Puppet Ministry with Noah's Ark
by Richard W. LaFountain, all rights reserved.

Effective Puppeteering

Puppets can be very effective tools in the hands of one who has learned to use them as a skilled craftsman. Most puppeteering however is haphazardly done without skill or much thought to its powerful impact. An ill-used puppet can be as embarrassing and ineffective, as a poorly preached sermon, or as useless as a badly written book.
Puppets have been used for centuries to entertain and enthral crowds. They can sing, teach, communicate political satire, entertain, warn, they touch the heart, and they always make us see ourselves in them, and laugh. They can get away with saying things that most humans would never be allowed to say.
Even in today's sophisticated, high tech society, a good puppeteer can make them laugh, make them think, make them cry, make them stand in awe, and fall in love with the puppet. Whether puppet be a ventriloquist doll as Egar Bergen performed with, a sock puppet like Sheri Lewis used, a simple green headed frog that Jim Henson introduced, a string puppet like Howdy Doody, or a mouthless still puppet like Mr Rogers employs, puppets can come to life to do a variety of things. It matters not the size or quali ty of the puppet itself. It could be an oversized full bodied elephant, like Snuffluficus or Big Bird or a tiny rag-tagged sewer rat. The mystery of a puppet's success is not in the material that it is made of but in the heart and personality of the puppet through the puppeteer.
A puppet is not a toy. A puppet is not a rag doll. A puppet is not a thing that is manipulated on the hand. A puppet is a person...yes, a person, as real and living as the puppeteer himself. Ask any professional puppeteer. Each puppet is an individual, as clearly defined in personality as the neighbor next door. When the puppet is worn on the hand it comes ALIVE! It is an extension of the puppeteer's personality. It is in effect, his alter ego, a split of his personality. If it is anything less, th en it is not a real puppet, it is just a sock with a human or animal face.
If your puppet or puppets never go deeper than the end of your hand then they are not alive, and will not appear alive or real to the audience, no matter what script is given to them. A puppeteer must have a vivid imagination, be able to immitate personalities, do voices, and take on a character totally different than his own. You might say he has to become incarnate in his puppet. He must WEAR the puppet inside and out. The moment he puts that sock on his hand it comes to life with a personality, voice , and mind that is the puppet's own.
Needless to say, not everyone can be a puppeteer, though anyone can manipulate a puppet. A puppeteer must be an actor. He does his acting through the puppet. He hides his alter ego manias behind clothe and string.
A puppeteer must love acting, pretending, playing the fool, imitating voices, manipulating the puppets so as to give it expression and life. A puppeteer cannot be a prude, a serious person, or a puritanical moralist.
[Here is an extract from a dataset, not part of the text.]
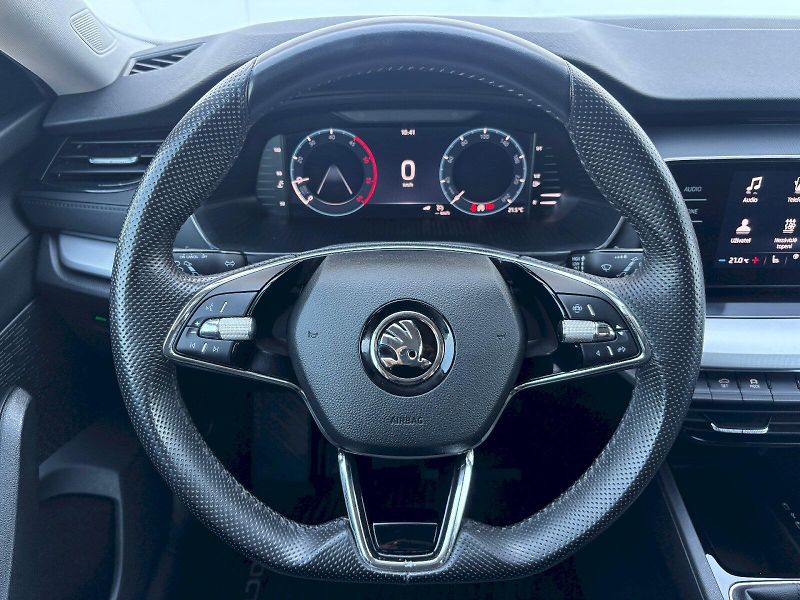 Škoda Octavia (2022) 2.0 TDI 85kW Ambition Plus Nez - fotka 7 z 35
A puppeteer must be a humorist. Not necessarily a comedian, but he MUST have a good sense of humor, and an ability to ad-lib is essential to good puppeteering. Some of the best sketches come to being, not on paper, but in the process of acting out a theme.
Are you a puppeteer? No one knows until they play the role of a puppet whether they have the alter ego ability to become another person in the puppet. I have found that it is the timid person that has the gift of a puppeteer. For they are the ones who hold their emotions and expressions inside. These personalities are crying for a safe place to come out and be expressed.

Hints For Puppeteers

1. Humor - humor is the spice of life. The ability to be silly, clever, and funny is often a needed ingredient for effective puppeteering. Not all puppet personalities are funny. But each in his own right is a humorous reflection of someone we know and admire (or loathe.) Humor can be expressed in many ways through the puppet medium: Facial expression, personality trait, attitude, stupidity, pseudo-intelligence, crudeness, loudness, shyness, clever comments, puns, smart alec comments, idiomatic expressions, accent, voice, misunderstandings.
2. Improvising - Improvising is playing the role and running with it naturally. It is the ability to so incarnate yourself into the puppet that you do not always have to follow a script but can act and react quickly, and spondaneously to changing circumstances, even blown lines.
3. Personality - your puppet is an extension of you but should not have your personality. No one in the audience should be able to guess that you are in the puppet. The puppet is real! He has a personality all his own that only comes to life when he is in or on your hand. You must be able to fit inside the puppet's skin. You are the puppet! The puppet is not a script. You should be able to put on your puppet and even in private have a conversation with it, just as if it were not you, but a real and d istinct person.
WARNING: Since the puppet is real treat it as real. No one under any circumstance should be allowed to put on your puppet or to ever see it lifeless, especially the children with whom you work.
4. Voices - just as the personality is unique so should the voice be "one-of-a-kind" Your puppets voice is part of his/her personality. It is what makes him who he is. The voice should not be in any way similar to your own. Nothing kills effect like having children shout out, "I know who that is that's "So-and-so." The more puppets you are called on to use the more skill and cleverness you will need to exibit in making new voices. It is especially difficult to use two puppets similtaneously and using different voices for each without getting confused or overlapping. Stu dy voices. List en to cartoons, the muppets, impressionists. Imitate! Imitate! Imitate! Choose a voice you can easily imitate or adapt without straining your vocal chords and make it nature to you. Use it often. Switch it on and off during the day. Read long passages using that voice. Practice accents, volume, pitch, and style. Record the voice, then listen to it on tape. Can you tell it is you? Is it good? How can it improve it?
If you use multiple puppets write down a discription of the voice you use for each, just to remind yourself of what your voice goal is to be. For instance key words that help remind you of the voice: Bullwinkle : Boris Baninoff: Miss Piggy: Mush Mouth: Gomer Pyle: Homer Simpson.
4. The Puppet - each puppet should be uniquely yours. Even if it is a purchased puppet try to give it some personal touches to make it unique. For instance if you you buy a Miss Piggy puppet you might want to change the hair color, the voice, the face color, clothes, etc. so people don't think you are trying to imitate Miss Piggy and doing a poor job. Every person has a wardrobe, so should each puppet have a personal wardrobe. Go to the thrift shops, missions, and goodwill shops in your town to pick up low cost baby and or toddler clothes that would enhance your puppet's looks and wardrobe selection. Try a variety hats, scarves, and hair pieces. As you do more and more skits you will acquire accutraments, like plastic baseball bats, tiny baseball glove, hard hat, football helmet, sunglasses, glasses, mustache, earrings, gun, large pencil, etc.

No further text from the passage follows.